The 7410 has a single NAS head, where EMC's Celerra NS-480 and Isilon Systems' IQ series clustered NAS could offer more than one for failover. But Harrisson said Isilon's quote for 60 TB of storage was approximately $250,000 vs. $156,000 for the Celerra and $106,000 for Sun. Harrisson said he knows clustering can offer more redundancy, but "it's a lot of money for a small company."
Harrisson said the network has used Sun's tape libraries in the past, but he's well acquainted with EMC gear. Aside from price, Sun's product is an industry-standard and developed by an open-source community, which appealed to him. "Even if Sun goes away, I'm more comfortable that I can still use the storage," Harrisson said.
But he admitted that he's nervous about what will happen once Sun is absorbed into Oracle. "I think Oracle bought them for software, not hardware," he said.
Oracle has said as much, although company executives have also said they intend to keep Sun's hardware business. Harrisson said he hopes Oracle continues with plans that Sun reps told him about to integrate Amber Road software with his broadcast system.

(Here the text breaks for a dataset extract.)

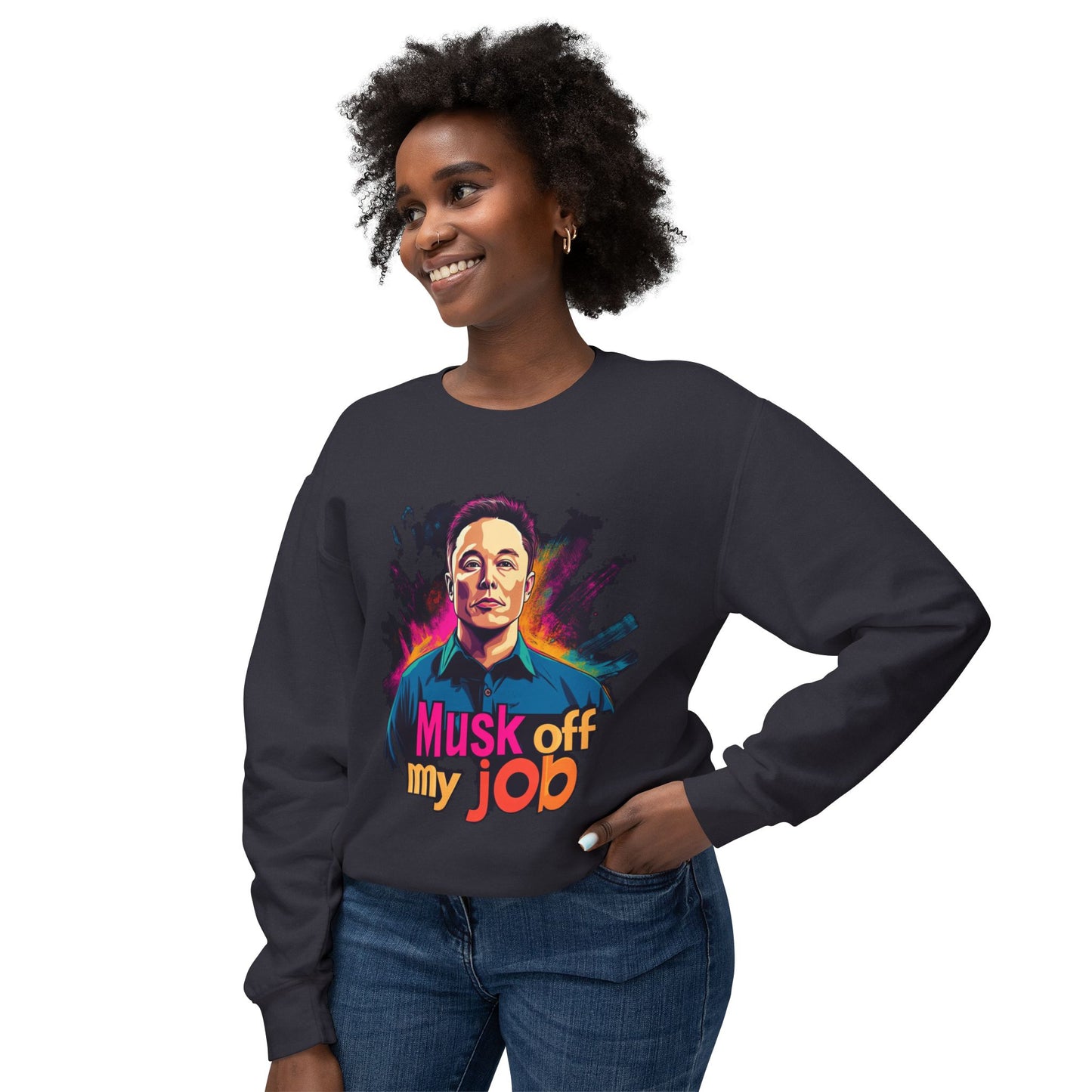 'Musk Off My Job" Unisex Lightweight Crewneck Sweatshirt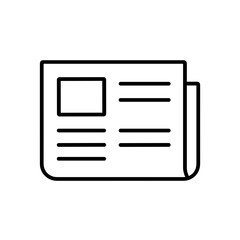 Newspaper outline icon representing press and journalism (outline)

Lovell said he couldn't comment on the Oracle-Sun deal or product roadmaps pertaining to that acquisition. Analysts have said that if Oracle stays in the hardware business, it will be a game-changer for the storage market.
"The statements coming out of Oracle at the time of the acquisition, particularly from Larry Ellison, were that they very much want to own that product line," said John Webster, principal IT advisor at Nashua, N.H.-based Illuminata Inc. "I think Oracle's been interested in the storage business for a long time."
Others aren't so sure. Jeff Boles, senior analyst and director, validation services at Hopkinton, Mass.-based Taneja Group, pointed out that Oracle benchmarked its SecureFiles file management software with an LSI Corp./Engenio SAN last week, instead of with hardware made by Sun. LSI and Oracle officials said Sun's Zettabyte File System (ZFS) could be used at the storage layer, but as Boles said, "How do you work those two things together? At best in that scenario, ZFS would be a 'Who cares?' layer under SecureFiles."
Boles also said Oracle and Sun have different philosophies. "Oracle tends to go after the enterprise market with price premiums, which Sun has pooh-poohed," he pointed out. With the source code already open, "somebody is going to take these products to market as Sun has. If Oracle doesn't want this business, they're opening the door for someone else. But if they do want it, they're in for a change," he said.